System (90mg/kg; IP) and central (10μg/5μl) NAC alters binge behavior produced by daily limited access to a palatable food. (A) NAC treated animals ate significantly less WD (30 min/day) compared to saline injected control animals. (B) Subsequently, NAC treated animals ate significantly more SC over the duration of the study. (C) Percent kilocalorie intake of SC on the 14th day is significantly higher for the NAC treated group, while WD consumption was significantly decreased compared to the control group. (D,E) There is no significant difference in cumulative food intake or body weight gained between the two experimental groups. (F) In a separate study, animals received infusions (NAC or saline; ICV) 30 minutes prior to accessing WD, central administration of NAC significantly suppressed WD consumption over the 7 day study. Data expressed as mean ± SEM. * = P < .05 compared to control group.

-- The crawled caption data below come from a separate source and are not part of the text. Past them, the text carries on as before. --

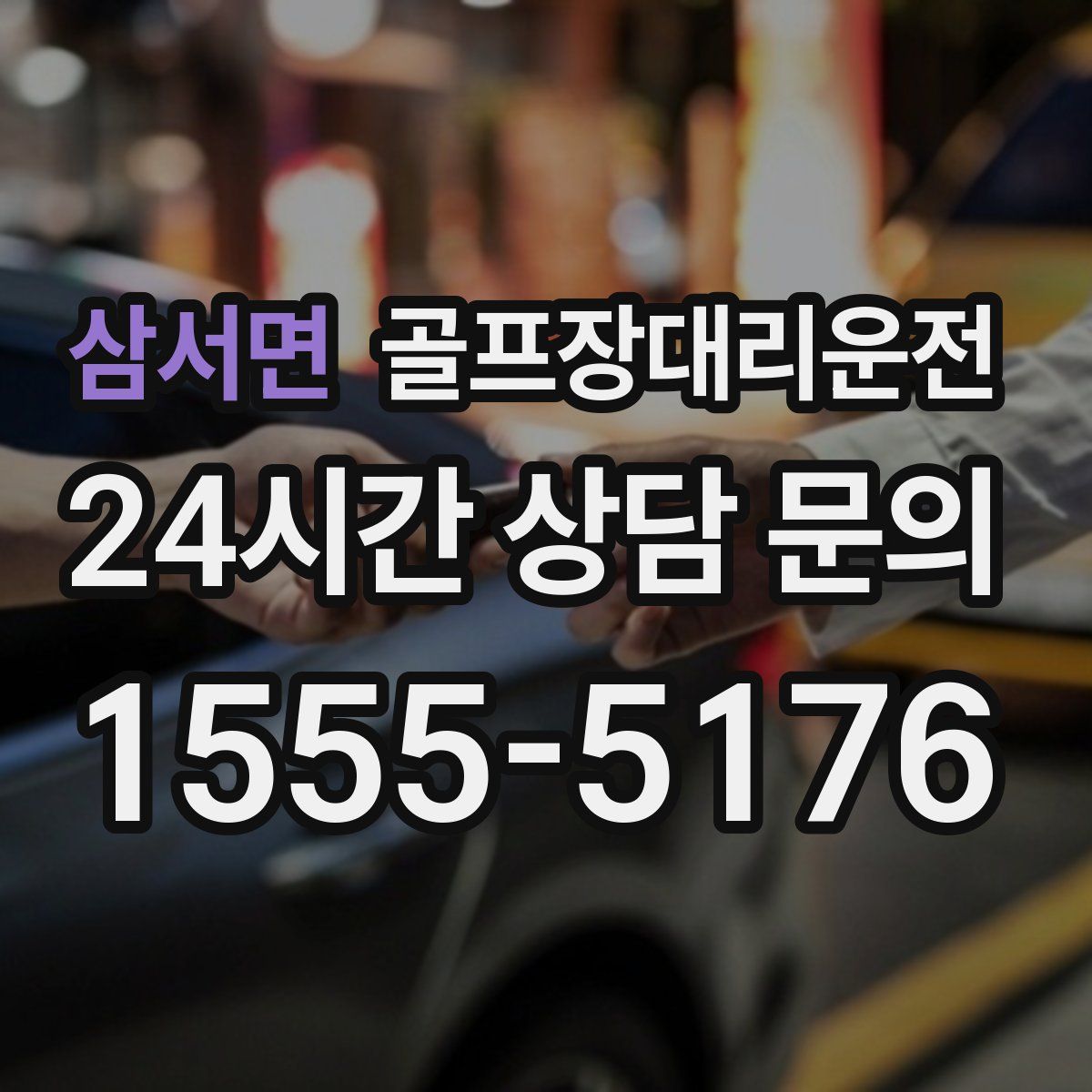 골프장대리운전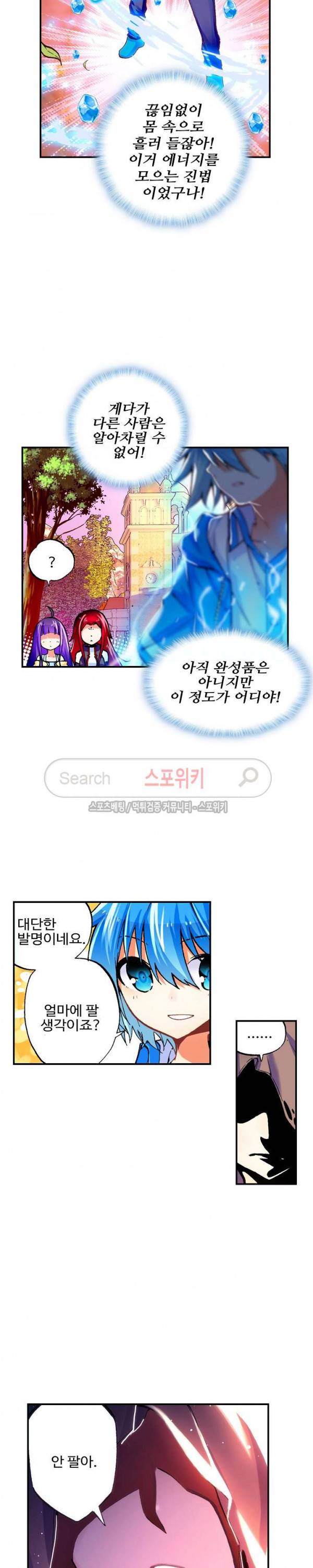 드래곤 엑스(Dragon-X) 89화 4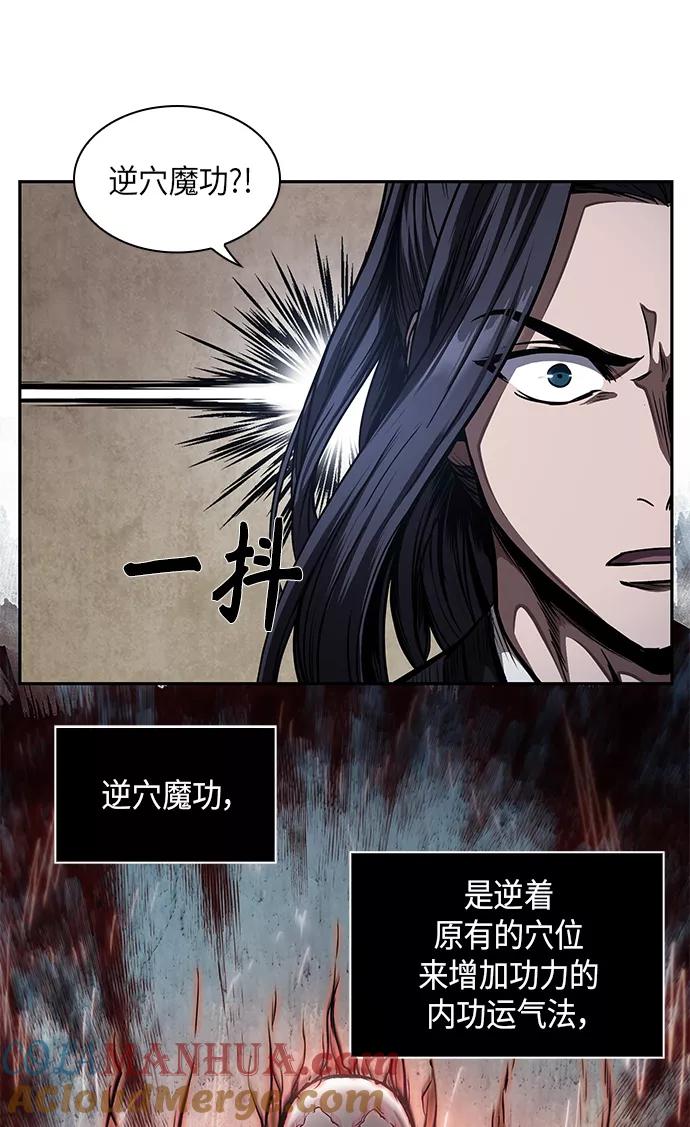 《某天成为魔神》055. 第21章 人若犯我，我必犯人（2） 第34页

The hypophagic effects of NAC appear to be specific to palatable WD consumption as it does not significantly alter the feeding behavior of animals maintained on ad lib SC only (Fig. 2A). Moreover, there were no effects on standard chow consumption over the first 6 hours or 24 hours after administration of NAC (data not shown). Additionally, a conditioned taste aversion revealed that suppression of WD by NAC was not due to malaise (Fig. 2B).
Figure 2

Systemic administration of NAC (90mg/kg; IP) does not alter ad libitum SC consumption or produce any conditioned taste aversion. (A) Animals maintained on ad libitum SC and not subjected to a limited-access binge paradigm show no changes in feeding behavior measured 1 and 3 hours post i.p. injection. (B) Saccharin preference ratio (%) of control (saline), NAC and LiCl (2% bw) treated animals produced only a significant suppression of saccharin consumption in the LiCl treated group. Data expressed as mean ± SEM. * = P < 0.05 compared to controls.

DISCUSSION

Chronic systemic N-acetylcysteine significantly attenuates binge eating of a WD over a 14 day study (Fig 1). Although chronic NAC administration did not alter total caloric intake or weight gain (Fig. 1D;1E), systemic or central administration was sufficient to reduce intake of highly caloric and palatable food without inducing malaise (Fig 2B; 2C). This selectivity of NAC to regulate only WD consumption is quite notable as it suggests that system xc- activation does not impact overall caloric homeostasis but may lessen the hedonic drive for food. Future studies extending chronic NAC administration beyond two weeks may be necessary to demonstrate effects on long-term calorie consumption and body weight. NAC, a cysteine prodrug, has been demonstrated to drive the activity of the cystine-glutamate antiporter, system xc-, which promotes non-vesicular glutamate release and consequently impact synaptic glutamate signaling, which is critical to the development and maintenance of a wide variety of compulsive behaviors.[18, 19] In the case of long-term use of drugs of abuse there is a reduction in system xc- activity in the nucleus accumbens which is thought to contribute to the pathological glutamate signaling contributing to addiction.[20] Subsequently, both preclinical and clinical studies of NAC treatment have shown inhibition of cocaine-induced behaviors in animals and reduction in craving and or use of cocaine and tobacco in humans.[9, 20, 21] The effectiveness of NAC to reduce binge eating of a highly caloric palatable food is consistent with other studies demonstrating the attenuation of compulsive behaviors such as drug taking, hair pulling and skin picking, and suggests that system xc- is a potential therapeutic target for the treatment of compulsive feeding disorders.[9, 10, 22] Pursuing effective treatments for compulsive eating disorders will require further understanding of the neural mechanisms that underlie hedonic drive.[7]